Parsley Tutorial Part II: Parsing Structured DataΒΆ

Now that you are familiar with the basics of Parsley syntax, let’s look at a more realistic example: a JSON parser.

The JSON spec on http://json.org/ describes the format, and we can adapt its description to a parser. We’ll write the Parsley rules in the same order as the grammar rules in the right sidebar on the JSON site, starting with the top-level rule, ‘object’.

object = ws '{' members:m ws '}' -> dict(m)

Parsley defines a builtin rule ws which consumes any spaces, tabs, or newlines it can.

Since JSON objects are represented in Python as dicts, and dict takes a list of pairs, we need a rule to collect name/value pairs inside an object expression.

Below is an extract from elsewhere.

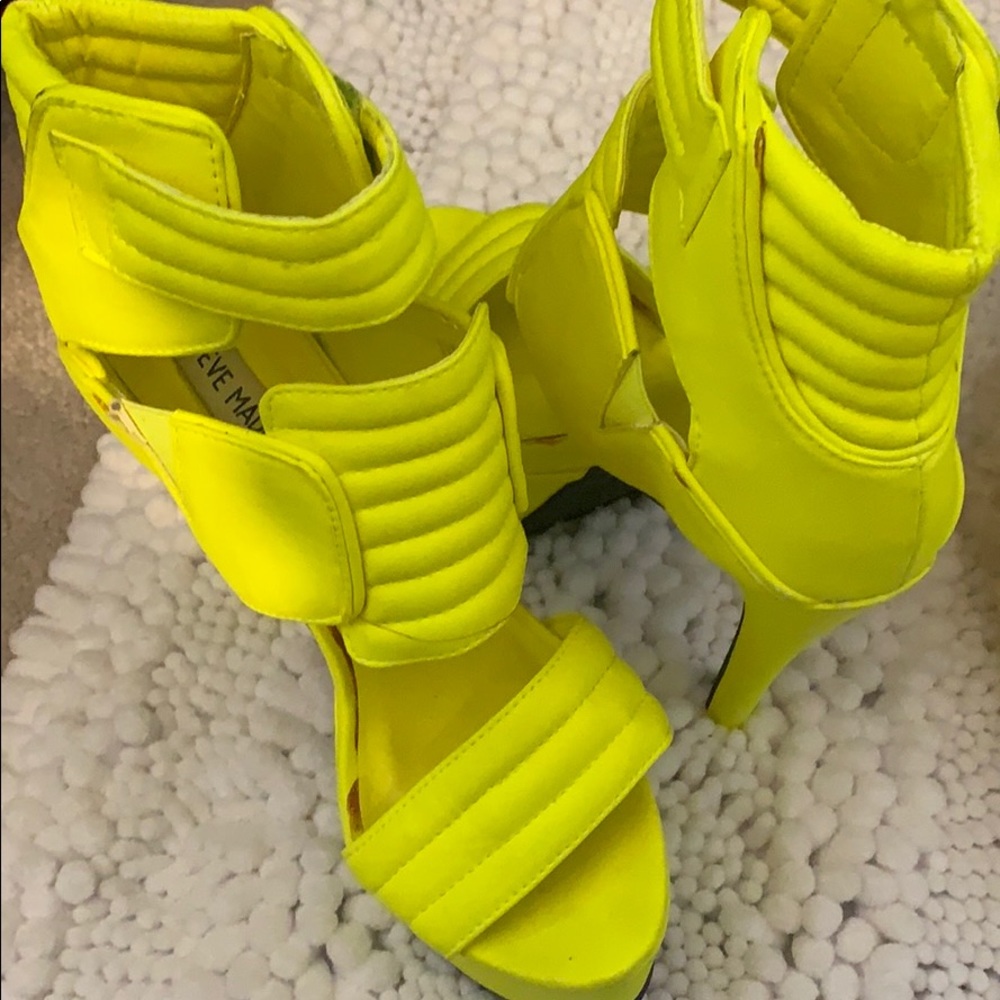 Neon heel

members = (pair:first (ws ',' pair)*:rest -> [first] + rest)
          | -> []

This handles the three cases for object contents: one, multiple, or zero pairs. A name/value pair is separated by a colon. We use the builtin rule spaces to consume any whitespace after the colon:

pair = ws string:k ws ':' value:v -> (k, v)

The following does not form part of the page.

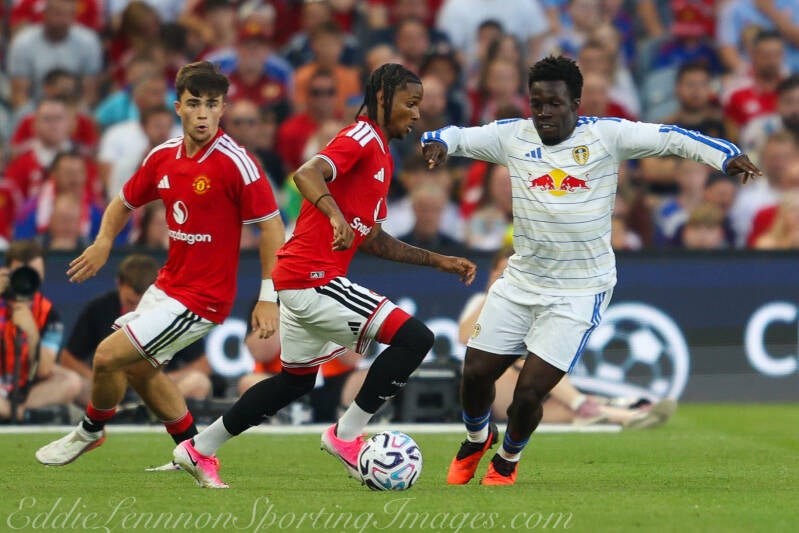 manchester-united-v-leeds-united-32-of-61-standard.jpg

Arrays, similarly, are sequences of array elements, and are represented as Python lists.

array = '[' elements:xs ws ']' -> xs
elements = (value:first (ws ',' value)*:rest -> [first] + rest) | -> []

Values can be any JSON expression.

value = ws (string | number | object | array
           | 'true'  -> True
           | 'false' -> False
           | 'null'  -> None)

Strings are sequences of zero or more characters between double quotes. Of course, we need to deal with escaped characters as well. This rule introduces the operator ~, which does negative lookahead; if the expression following it succeeds, its parse will fail. If the expression fails, the rest of the parse continues. Either way, no input will be consumed.

string = '"' (escapedChar | ~'"' anything)*:c '"' -> ''.join(c)

This is a common pattern, so let’s examine it step by step. This will match leading whitespace and then a double quote character. It then matches zero or more characters. If it’s not an escapedChar (which will start with a backslash), we check to see if it’s a double quote, in which case we want to end the loop. If it’s not a double quote, we match it using the rule anything, which accepts a single character of any kind, and continue. Finally, we match the ending double quote and return the characters in the string. We cannot use the <> syntax in this case because we don’t want a literal slice of the input – we want escape sequences to be replaced with the character they represent.

It’s very common to use ~ for “match until” situations where you want to keep parsing only until an end marker is found. Similarly, ~~ is positive lookahead: it succeed if its expression succeeds but not consume any input.

The escapedChar rule should not be too surprising: we match a backslash then whatever escape code is given.

escapedChar = '\\' (('"' -> '"')    |('\\' -> '\\')
                   |('/' -> '/')    |('b' -> '\b')
                   |('f' -> '\f')   |('n' -> '\n')
                   |('r' -> '\r')   |('t' -> '\t')
                   |('\'' -> '\'')  | escapedUnicode)

Unicode escapes (of the form \u2603) require matching four hex digits, so we use the repetition operator {}, which works like + or * except taking either a {min, max} pair or simply a {number} indicating the exact number of repetitions.

hexdigit = :x ?(x in '0123456789abcdefABCDEF') -> x
escapedUnicode = 'u' <hexdigit{4}>:hs -> unichr(int(hs, 16))

With strings out of the way, we advance to numbers, both integer and floating-point.

number = spaces ('-' | -> ''):sign (intPart:ds (floatPart(sign ds)
                                               | -> int(sign + ds)))

Here we vary from the json.org description a little and move sign handling up into the number rule. We match either an intPart followed by a floatPart or just an intPart by itself.

digit = :x ?(x in '0123456789') -> x
digits = <digit*>
digit1_9 = :x ?(x in '123456789') -> x

intPart = (digit1_9:first digits:rest -> first + rest) | digit
floatPart :sign :ds = <('.' digits exponent?) | exponent>:tail
                     -> float(sign + ds + tail)
exponent = ('e' | 'E') ('+' | '-')? digits

In JSON, multi-digit numbers cannot start with 0 (since that is Javascript’s syntax for octal numbers), so intPart uses digit1_9 to exclude it in the first position.

The floatPart rule takes two parameters, sign and ds. Our number rule passes values for these when it invokes floatPart, letting us avoid duplication of work within the rule. Note that pattern matching on arguments to rules works the same as on the string input to the parser. In this case, we provide no pattern, just a name: :ds is the same as anything:ds.

(Also note that our float rule cheats a little: it does not really parse floating-point numbers, it merely recognizes them and passes them to Python’s float builtin to actually produce the value.)

The full version of this parser and its test cases can be found in the examples directory in the Parsley distribution.